Davon kann gar nicht mehr die Rede sein! fiel die Baronin lebhaft ein. Wäre es nach meinem Sinne gegangen, wir hätten nie an eine solche Partie gedacht.

Aber Marie?

Marie ist viel zu vernünftig, um einem Traum nachzuhängen, der sich mit unserer Einwilligung nie erfüllen kann.

Sie glauben also, daß, wenn ein Anderer es versuchte —?

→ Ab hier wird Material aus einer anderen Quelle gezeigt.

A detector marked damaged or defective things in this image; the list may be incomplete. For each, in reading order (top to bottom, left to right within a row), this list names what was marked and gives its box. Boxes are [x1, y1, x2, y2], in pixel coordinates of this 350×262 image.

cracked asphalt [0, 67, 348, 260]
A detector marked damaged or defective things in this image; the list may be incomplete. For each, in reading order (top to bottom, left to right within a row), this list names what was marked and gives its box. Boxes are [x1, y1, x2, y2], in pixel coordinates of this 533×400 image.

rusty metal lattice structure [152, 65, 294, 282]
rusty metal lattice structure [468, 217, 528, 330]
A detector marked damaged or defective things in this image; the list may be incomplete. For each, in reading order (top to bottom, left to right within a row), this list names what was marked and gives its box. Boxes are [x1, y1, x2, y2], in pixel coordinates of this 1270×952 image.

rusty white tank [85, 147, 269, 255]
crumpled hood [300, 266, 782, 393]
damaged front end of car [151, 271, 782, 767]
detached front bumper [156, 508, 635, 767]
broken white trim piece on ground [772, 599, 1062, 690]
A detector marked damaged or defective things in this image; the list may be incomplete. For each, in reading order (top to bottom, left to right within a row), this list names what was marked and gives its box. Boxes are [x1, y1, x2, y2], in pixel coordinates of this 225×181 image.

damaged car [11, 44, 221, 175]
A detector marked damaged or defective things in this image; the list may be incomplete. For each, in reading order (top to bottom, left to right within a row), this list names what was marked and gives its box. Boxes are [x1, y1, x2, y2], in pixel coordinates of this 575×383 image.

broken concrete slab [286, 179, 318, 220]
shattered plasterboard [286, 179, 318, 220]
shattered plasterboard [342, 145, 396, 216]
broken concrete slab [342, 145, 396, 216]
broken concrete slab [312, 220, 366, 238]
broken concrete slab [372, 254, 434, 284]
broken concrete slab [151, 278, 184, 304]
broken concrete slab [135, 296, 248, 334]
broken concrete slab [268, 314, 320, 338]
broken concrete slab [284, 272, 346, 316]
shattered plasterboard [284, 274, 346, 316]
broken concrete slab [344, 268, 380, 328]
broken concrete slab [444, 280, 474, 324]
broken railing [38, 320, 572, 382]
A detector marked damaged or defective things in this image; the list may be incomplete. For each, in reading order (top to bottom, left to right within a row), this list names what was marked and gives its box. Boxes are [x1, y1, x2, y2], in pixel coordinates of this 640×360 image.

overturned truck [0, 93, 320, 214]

O, unterbrach die entzückte Baronin, was das betrifft, so haben wir noch nicht daran gedacht. Marie wird freilich nicht unverheirathet bleiben, weil zufällig der erste Mann, den wir ihr bestimmt, nicht für sie gepaßt, – denn im Grunde waren wir es mehr, das heißt, mein Mann, der ihn gewählt, als sie, das arme Kind, die nun die Folgen trägt. Sie wissen, setzte sie vertraulich hinzu und rückte der Gräfin näher, mein Mann hat seine Mutter, die Marquise de Chanteloup, in Paris gekannt – es ist nun sehr lange her – ich war damals Braut, und nach seiner Rückkehr sollte unsere Hochzeit sein. Die Marquise war sehr schön, glaube ich, und sehr unglücklich, und es entstand da so, eine kleine Schwärmerei. Wenn eine Frau glücklich sein will, so forscht sie nicht zu viel nach solchen Vergangenheiten und begnügt sich mit der Gegenwart. Aber wie gesagt, es war eine romantische Idee meines Mannes, der Marquis müsse wie seine Mutter sein, und da hätte er denn nahezu unser armes Kind recht unglücklich gemacht. Jetzt freilich wird sie es überwinden, meine Marie ist zu gut und verständig, es nicht zu thun, sie weiß, was sie uns schuldig ist. Und sehen Sie, liebe Gräfin – hier rückte sie noch näher, – ich glaube, die wahre Liebe wird für sie erst anfangen, wenn sie einmal verheirathet ist. Nun aber, natürlich, er war doch ihr Bräutigam, und so gehört Zeit dazu, bis sie diese erste Täuschung überwunden hat. Ihr Herz muß ausruhen von der Erschütterung, bevor es wieder Vertrauen fassen kann, und selbst die glänzendsten Aussichten, – hier nahm sie Leonieʼs Hand, – ja die ehrenvollsten, denen wir uns am liebsten zuwenden möchten, müßten wir jetzt verschieben, bis Mariens Stimmung sich besser damit verträgt. Das liebe Kind soll nicht unsertwegen ein Glück annehmen, das sie nicht als ein Glück empfinden würde. Sie verstehen, liebe Gräfin, Marie soll frei wählen, das heißt, setzte die gute Mutter bedachtsam hinzu, so frei, als es sich mit ihrem Glücke verträgt.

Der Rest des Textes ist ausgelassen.